Data extracts

*** Begin section ***

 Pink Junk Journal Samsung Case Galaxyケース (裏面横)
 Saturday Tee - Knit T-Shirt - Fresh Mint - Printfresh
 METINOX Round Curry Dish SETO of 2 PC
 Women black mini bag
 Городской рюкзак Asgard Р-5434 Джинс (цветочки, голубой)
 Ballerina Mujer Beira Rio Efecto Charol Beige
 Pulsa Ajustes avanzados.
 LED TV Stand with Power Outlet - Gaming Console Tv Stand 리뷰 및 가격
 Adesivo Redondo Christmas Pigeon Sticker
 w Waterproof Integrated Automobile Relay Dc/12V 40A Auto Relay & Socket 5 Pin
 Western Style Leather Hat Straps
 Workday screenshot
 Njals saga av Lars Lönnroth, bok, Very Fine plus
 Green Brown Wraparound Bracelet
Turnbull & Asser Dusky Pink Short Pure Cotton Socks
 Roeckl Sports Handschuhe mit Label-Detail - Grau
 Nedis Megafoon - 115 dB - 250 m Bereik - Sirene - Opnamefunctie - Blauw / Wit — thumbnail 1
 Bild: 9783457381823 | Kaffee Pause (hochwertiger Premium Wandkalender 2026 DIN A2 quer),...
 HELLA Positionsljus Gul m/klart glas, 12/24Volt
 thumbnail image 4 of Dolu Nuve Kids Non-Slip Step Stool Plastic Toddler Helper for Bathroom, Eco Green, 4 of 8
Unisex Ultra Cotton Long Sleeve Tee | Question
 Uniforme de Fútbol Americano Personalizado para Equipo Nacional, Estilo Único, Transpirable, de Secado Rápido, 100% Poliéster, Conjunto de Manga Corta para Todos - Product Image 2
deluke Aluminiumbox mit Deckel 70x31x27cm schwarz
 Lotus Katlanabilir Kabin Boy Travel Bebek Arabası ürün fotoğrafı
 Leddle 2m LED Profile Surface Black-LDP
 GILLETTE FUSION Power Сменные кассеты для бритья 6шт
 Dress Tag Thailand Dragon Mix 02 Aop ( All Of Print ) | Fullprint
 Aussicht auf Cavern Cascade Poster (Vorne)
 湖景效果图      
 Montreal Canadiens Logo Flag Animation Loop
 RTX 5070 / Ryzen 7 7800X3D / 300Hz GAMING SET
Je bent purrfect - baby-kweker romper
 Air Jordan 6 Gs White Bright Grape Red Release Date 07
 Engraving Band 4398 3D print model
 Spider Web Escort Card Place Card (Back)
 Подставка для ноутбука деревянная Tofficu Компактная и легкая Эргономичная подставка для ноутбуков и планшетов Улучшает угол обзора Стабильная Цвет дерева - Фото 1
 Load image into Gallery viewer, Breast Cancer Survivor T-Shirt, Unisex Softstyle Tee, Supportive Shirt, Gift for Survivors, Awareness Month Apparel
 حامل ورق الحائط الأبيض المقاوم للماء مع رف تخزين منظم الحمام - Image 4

*** End section ***

Problem to solve
Each line in the entries above, starting at the line with "thumbnail image 4" and ending at the line with "Leddle 2m LED Profile Surface Black-LDP", is to be printed exactly, and only those lines.

Your response
 thumbnail image 4 of Dolu Nuve Kids Non-Slip Step Stool Plastic Toddler Helper for Bathroom, Eco Green, 4 of 8
Unisex Ultra Cotton Long Sleeve Tee | Question
 Uniforme de Fútbol Americano Personalizado para Equipo Nacional, Estilo Único, Transpirable, de Secado Rápido, 100% Poliéster, Conjunto de Manga Corta para Todos - Product Image 2
deluke Aluminiumbox mit Deckel 70x31x27cm schwarz
 Lotus Katlanabilir Kabin Boy Travel Bebek Arabası ürün fotoğrafı
 Leddle 2m LED Profile Surface Black-LDP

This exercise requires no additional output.